Dona Vera chama uma vez, duas vezes, o Antônio nada de responder. Chama de novo. Cutuca, belisca, sacode; o Antônio dormindo. Dona Vera vai pra cozinha preparar o almoço, o esposo deitado na rede, dormindo profundamente. Põe o arroz a cozinhar, frita uma bisteca gorda, corta direitinho a salada. E chora. Dona Vera sabe que Seu Antônio já não vai bem, que ela própria não vai bem e que chega o dia de cada um.

Não tem coragem de chamá-lo pra almoçar. Põe, catolicamente, os dois pratos na pequena mesa, humilde. Arruma os talheres, os guardanapos. Vê-se espelhada na panela de inox: as rugas, os cabelos ralos, brancos, as mãos que tremem pela idade e pelo Antônio, que dorme.
Termina o almocinho triste e vai acordar o Antônio. Chama, chama de novo, fala mais alto, grita desesperada: “Antônio, meu Antônio morto, meu amor Antônio, Antônio meu de meu Deus!” O velho inerte. Verinha ao lado dele: o coração parado enquanto as lágrimas não se paravam de rolar.

***
Luiz é motorista de funerária. Não gosta de trabalhar em domingo, detesta trabalhar à noite. Ali atrás, o carregamento (chama de carregamento, não quer ter outro contato com o que leva, e ele mesmo disse: só carrego, não ponho a mão). Domingo, as ruas vazias. A rua escura ilumina-se quando Luiz, motorista experiente, mete noventa na Amadeu da Luz. À sua frente, um carro atravessado que Luiz não teve tempo de identificar qual era.
Para quem viu, um susto: ferro retorcido, vidro estilhaçado, sangue na cara de um e de outro. Ninguém reparou na calçada. Lá longe, o que parecia um embrulho, uns dois sacos de linhagem, atordoou quem passava. Na verdade, aquele montinho de pele e ossos queria se fazer notar. Quando se soube do que se tratava, teve gente que correu, teve gente que fugiu.
***
Um rastro de flores. Cheiro intenso de crisântemo e cravo. Madeira espalhada aqui e ali. A surpresa: sobre a calçada, metros adiante, dois corpos flácidos, deitados como dormindo, jogados como num gozo e abraçados como pra sempre.

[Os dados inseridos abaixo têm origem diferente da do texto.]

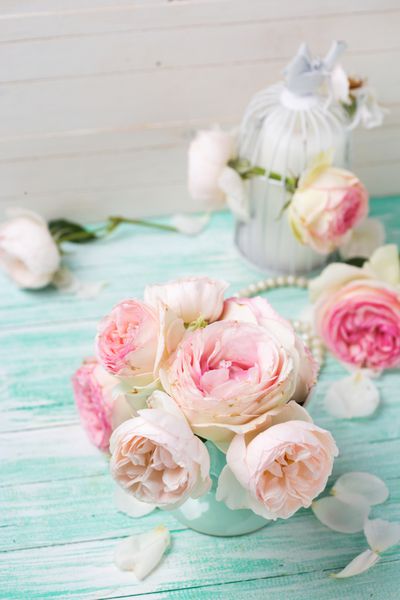 پس زمینه با گل رز صورتی شیرین در گلدان بر روی دیوار سفید رنگ چوب فیروزه ای شیک شیک تمرکز انتخابی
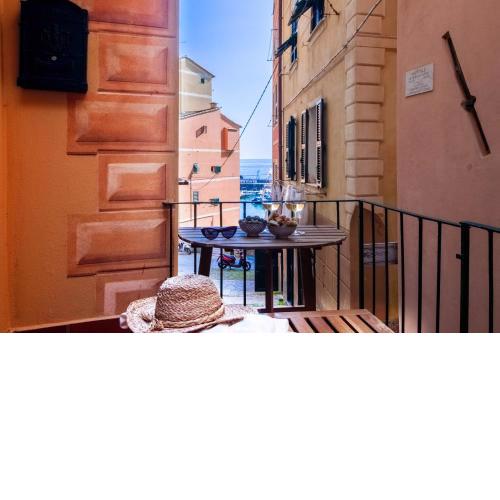 ALPORTO58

Ali, mais adiante, Seu Antônio abraçava Dona Verinha. E Dona Verinha, que morreu de amor, era toda do abraço dele. Não virou notícia, não quiseram fotografar.
Mas eu sei, porque eu vi. De alguma forma, estava lá. Sorrindo.

3 comentários:

Marina Melz disse...

O trágico pode ser bonito. Só depende dos olhos de quem vê. (Outch! seria um bom comentário.)

Anônimo disse...

Rolou um arrepio aqui na antepenúltima frase.

Lou disse...

Acho ótimo esse. Acredito que eu já tenha falado isso antes, mas por via das dúvidas. (:

já ia avançado o dezembro naquele dois mil e hum já ia também naque le dois mil e vinte os dezembros se mpre têm disso: são somas de térm in...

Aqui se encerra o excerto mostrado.